Assumptions About User Search Behavior

Essays in this search series:

Search engines, or rather the combination of search interfaces and the invisible blackbox functionality of the search engine, are a source of great frustrations for many users. The following assumptions about user interaction with search are a useful guide to designing and evaluating the usability of a site’s search functions.

Users don’t fully understand general search methodology.

Users may not understand the schemas or processes involved in searching. The report What’s Wrong with Internet Searching, a study involving novice web users, noted that:

Nearly all participants from both trials had difficulty formulating good searching keywords even when they had all the information they needed. In the real world, users go into a library or a shop and express their requirements in verbose or imprecise terms, or alternatively they browse through items on offer. They are not used to elaborating an artificial text string to match their requirements.

Users may not understand that searching is an iterative process, often requiring refinement of search queries and winnowing of search results. Moreover, users may equate a negative response to their search query as indicating the non-existence of valid results.

When a user under specifies a query, for example searching on AltaVista for “quality”, the extremely large number of returned hits and the concomitant difficulty wading through them may discourage users from searching further. With any large amount of information, if the first lots of information aren’t valuable, users may conclude that either none of the information is of value, or that the energy required to find something of value is too great.

Likewise, users may not understand that when they over specify a query and then don’t get valuable results, they need to make their query more general.

Users don’t fully understand the search interface.

Not all search interfaces are the same, and there are few standards on search interface construction, so there are no guarantees that a user will be able to successfully use any given search interface.

Pages with multiple search forms or form submit buttons may confuse users because they won’t know which button to click.

Users may not understand what they are searching against; if a search interface is querying against a subset of documents, the search form’s context and placement may suggest that it is searching against the superset of documents.

Confusion over search interfaces can go both ways, however.
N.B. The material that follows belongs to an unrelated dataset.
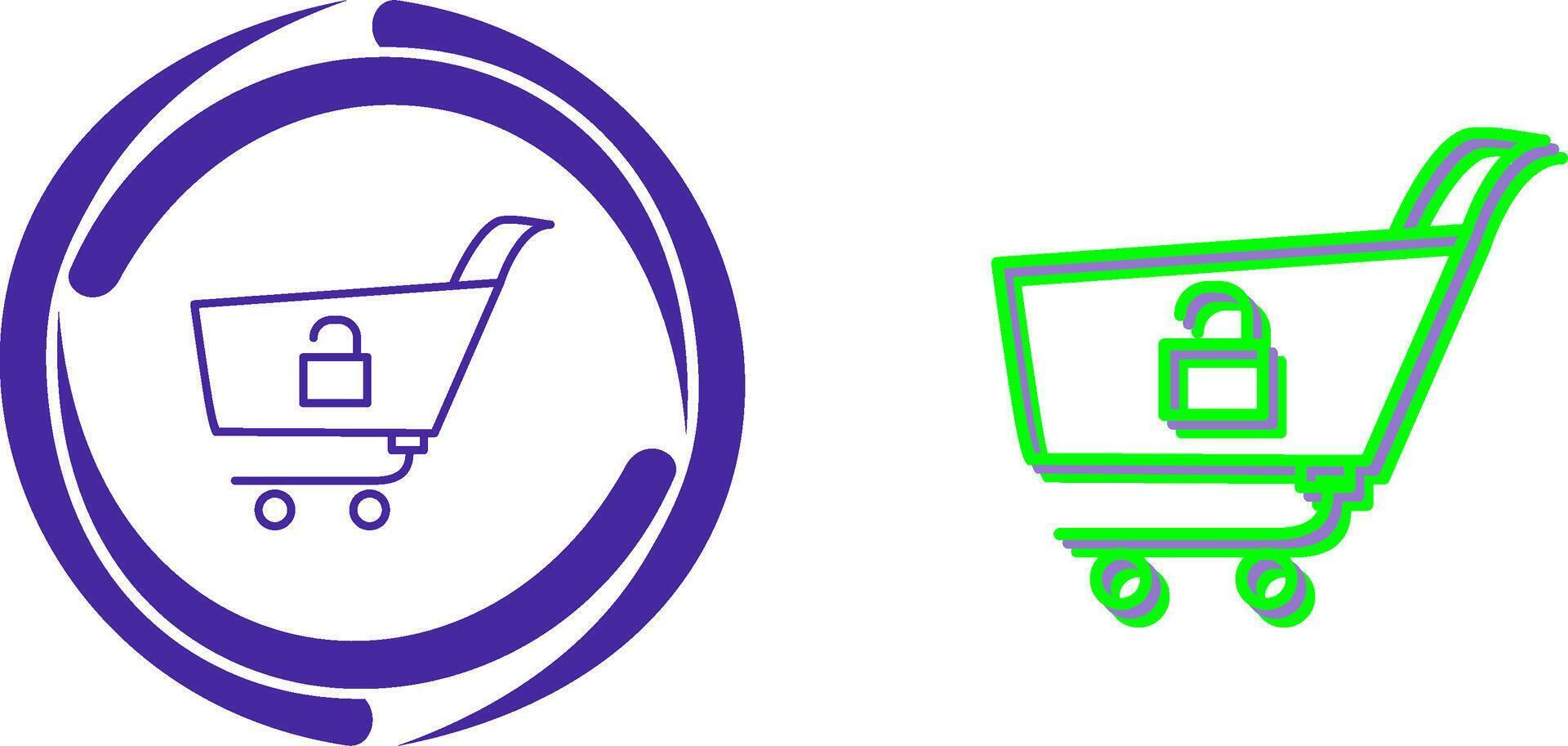 Unique Unlock Cart Icon Design vector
Cameron Barrett of CamWorld tells me that the logs for his URL submission form (a way for his readers to tell him about interesting URLs) routinely show keywords and phrases that are obviously search strings. This would suggest that many people are so used to the web convention of a text input field coupled with a submit button being a search form, that they over generalize ALL such interfaces as search. On the other hand, when I examine the search logs for Borders.com, I frequently find fully qualified URL strings, indicating that some users are confusing the search form with their browser’s location field.

Note: My wife argues that the data I see in the Borders.com logs indicates a problem with either setting or locating the cursor’s focus before the user tries to type a new URL into the browser’s location bar. If true, this would indicate a failed exit strategy, and would also dilute my point, so I think I’ll deal with this later ;)
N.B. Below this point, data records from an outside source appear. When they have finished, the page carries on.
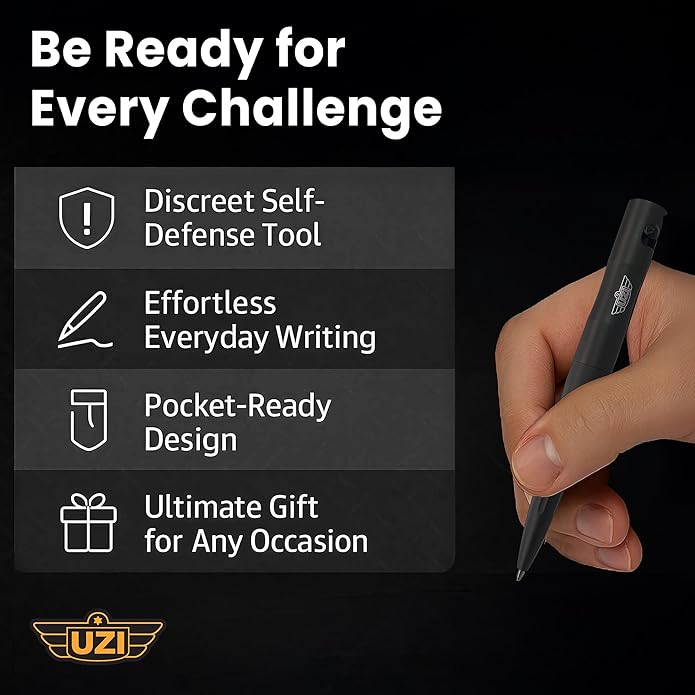 UZI Tactical (UZI-TACPEN2-BK) Aircraft Aluminum Multitool Pen | Self Survival Gear, Window Breaker, Real Ballpoint, Military and Police EDC Pen | Great Gift for Men | Unique Pens | Black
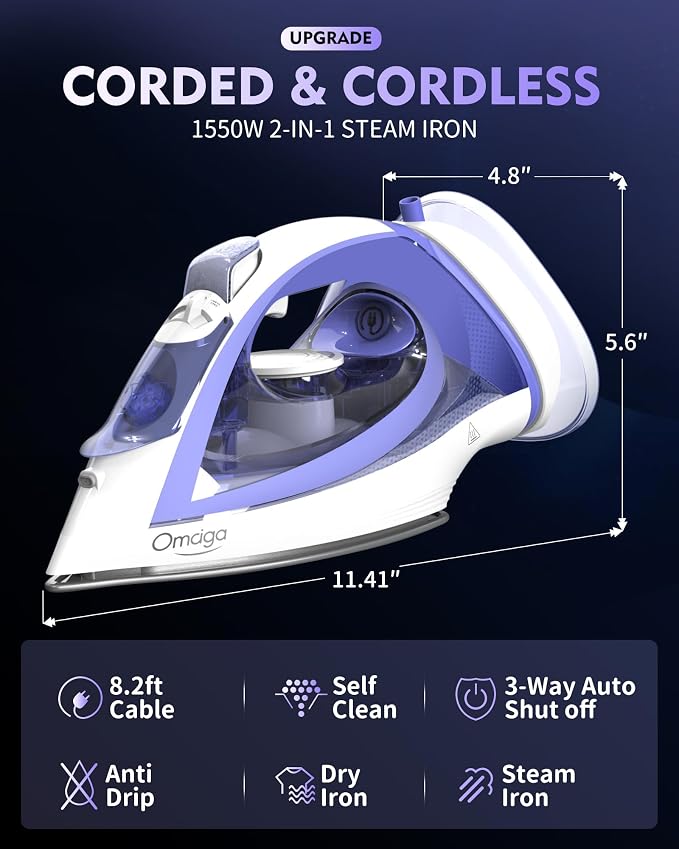 Cordless Iron for Clothes, 1550W 2-In-1 Cordless/Corded Steam Iron Rapid Heating - Image 3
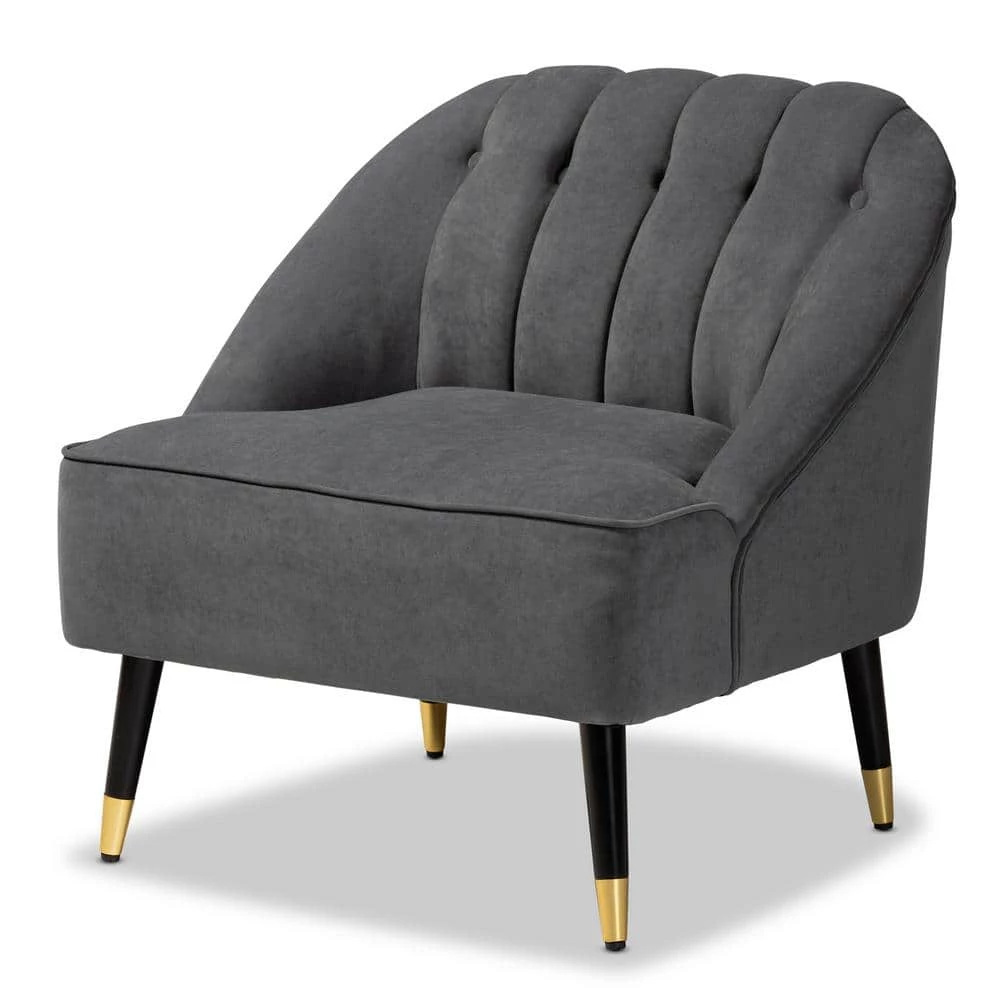 Ellard Grey and Dark Brown Accent Chair by Baxton Studio - Image 2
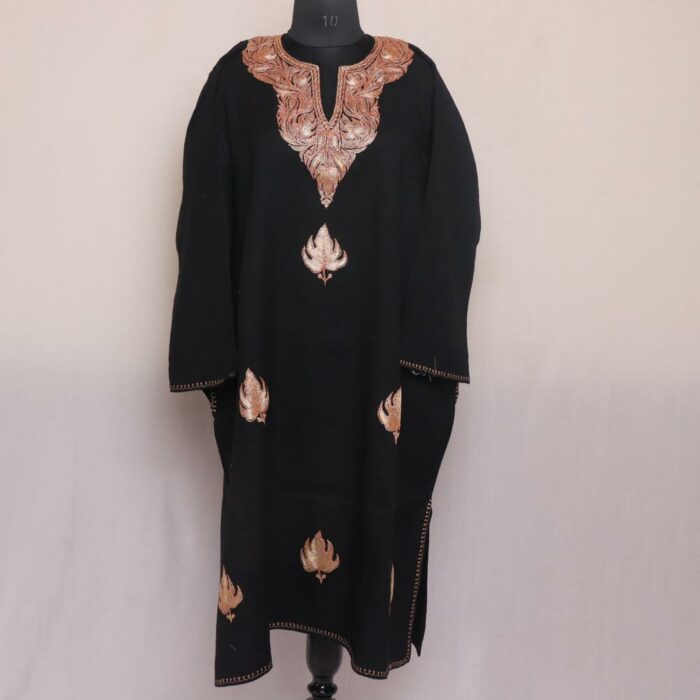 Black Chinari Pure Wool Kashmiri Pheran With Tilla Embroidery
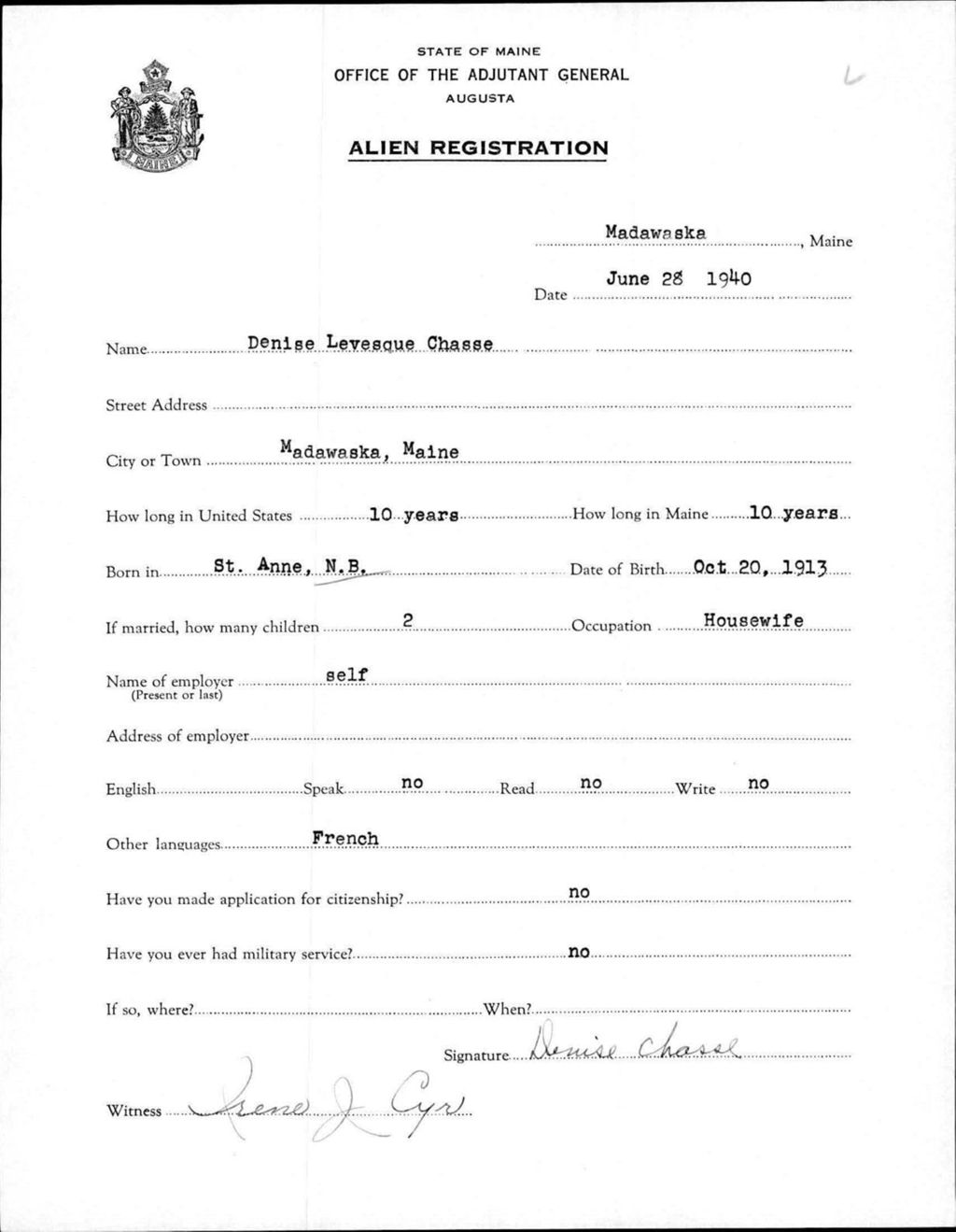 Miniature of Alien Registration- Levesque, Denise (Madawaska, Aroostook County)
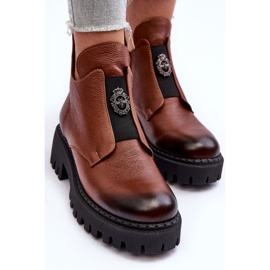 Lemar Botines Mujer De Piel Con Adorno Marrón Lusanna 5
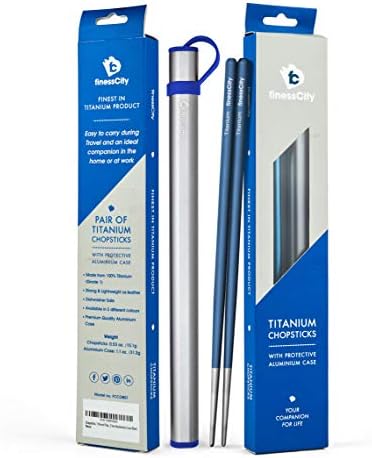 Chopsticks, 1 Pair of Titanium Chopsticks Ultra Lightweight Professional (Ti), Super Strong Healthy and Eco-Friendly 1 Pair of Chopstick Comes with Free Aluminium Case (Blue)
Users don’t know the best type of search for their needs.

If your site uses a search form with more than one input box, users may not understand the different functions or roles of the different inputs. If you have a music album search that has a field that queries against title information, and another that queries against performer information, and these fields are part of the same form, then you are presenting users with a remarkably complicated form. Users must differentiate between what they know about the title and what they know about the performer; users must predict what they should do if they only know information for one of the fields; users may not know which field is more valuable to the success of the search.

The complexity increases as more distant types of information are requested on a search form, so a search form that has fields for title, author and (for example) price becomes significantly more difficult for the user.
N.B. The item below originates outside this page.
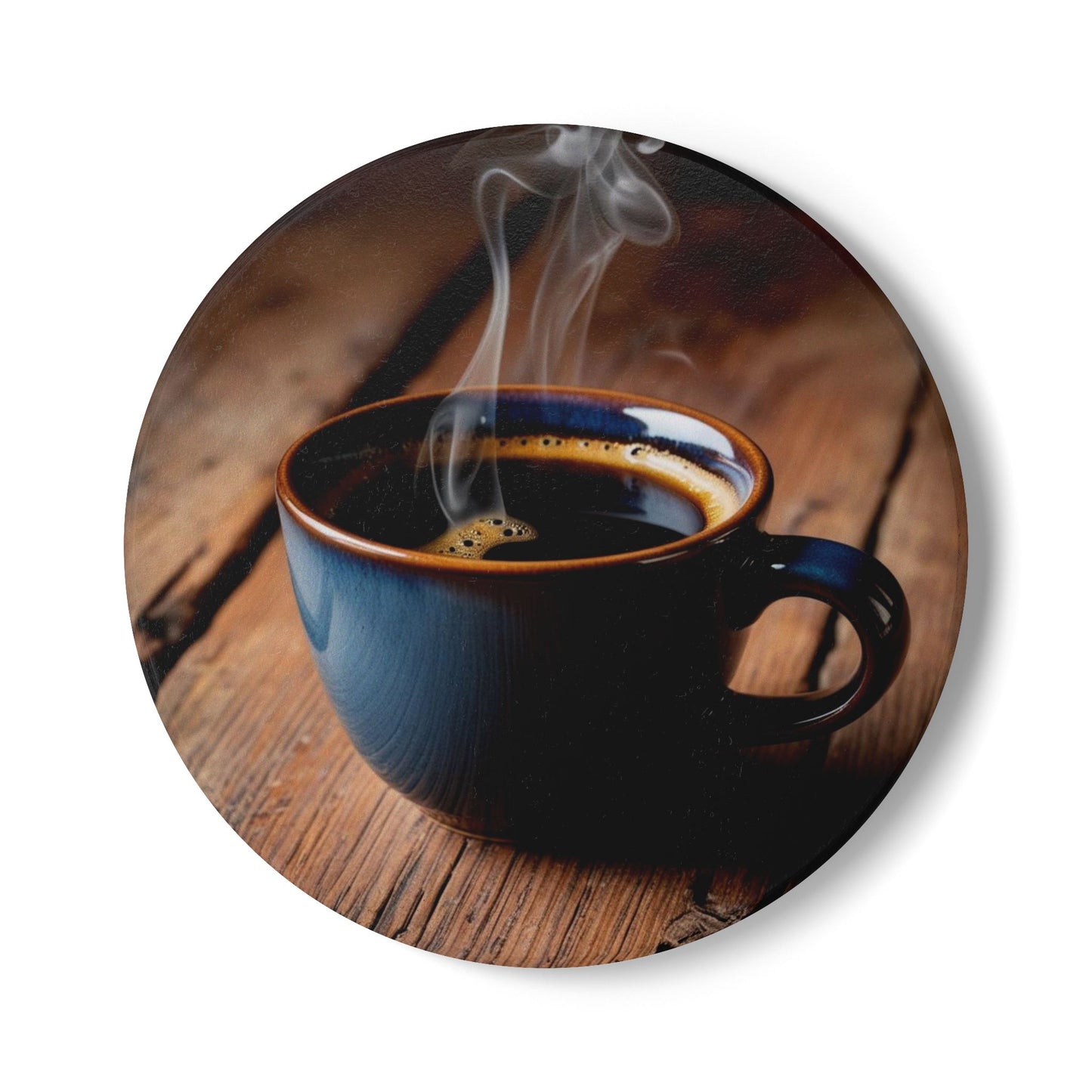 Ceramic Coaster with Coffee Cup Design - Perfect for Home or Cafe Use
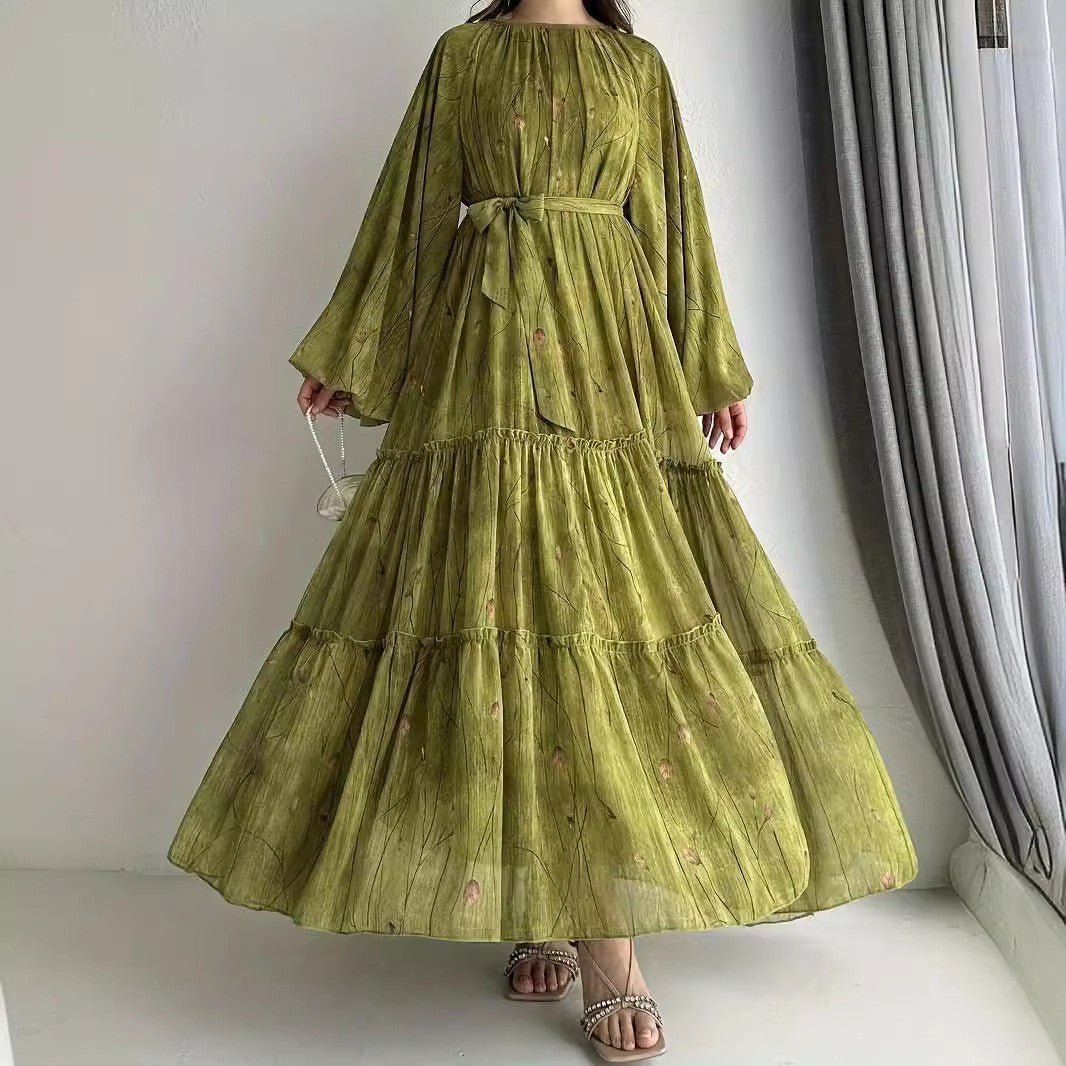 black long sleeve maxi wrap dress Long Sleeve Faux Wrap A Line Gown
Multiple search forms present similar problems, even when each form is optimized for a certain kind of query or for certain kinds of search parameters. For example, if a site has a basic keyword search form that queries against multiple fields in the catalogue or document collection, as well as a form that queries only against product titles, the user may not understand that one form may be better — in terms of accuracy or performance — than the other form.

Users may be confused about the scope of a search.

If your site provides the ability to specify the collection against which a search will be performed, some of your customers are going to miss the distinction and will be confused when they get back results from a query against a “wrong” or unexpected data set. Moreover, users may not be able to identify which collection might hold the answer to their query.

If your site provides search forms on most pages and your information architecture design includes a sectional breakdown for different topics, such as a sporting-goods web site with different sections for roller blades and bicycles, then the user may misunderstand what set of information a search query will run against. For example, a user contemplating the search form on a page about roller blades may assume that the search will only be against roller blades.

If your site provides context sensitive search, users must be aware of the context, and understand that their search is contextual, to avoid confusion. Likewise, if you don’t offer contextual searching, and you have distinct sections or topical areas to your site, make that clear as well.

Users have difficulty formulating queries.

Users often can’t translate what they know about a product into a successful query. Sometimes this is just a matter of phrasing, as when users enter natural language queries — “I am looking for books about the civil war”.

Other times this may be a problem of clarity, as when the customer can’t clearly enunciate what they know about the product or information they want — “I don’t remember the exact title, but it was a book about dogs and the author’s first name was John.” With clarity problems, the quality of results can’t be predicted because of the uncertain validity of the search parameters.

This issue may be about conversion; for example the customer knows something about the product that doesn’t translate into a parameter that can be included in the search query — if the customer remembers the color of the cover, that characteristic is unusable by most bookstore search engines.

A more severe problem is when the user knows how to formulate a good query, but that query doesn’t match the terminology or syntax required by the current search interface. In other words, users can frame and state their query correctly with regards to the subject domain, but not correctly with regards to the search interface/engine they are trying to use.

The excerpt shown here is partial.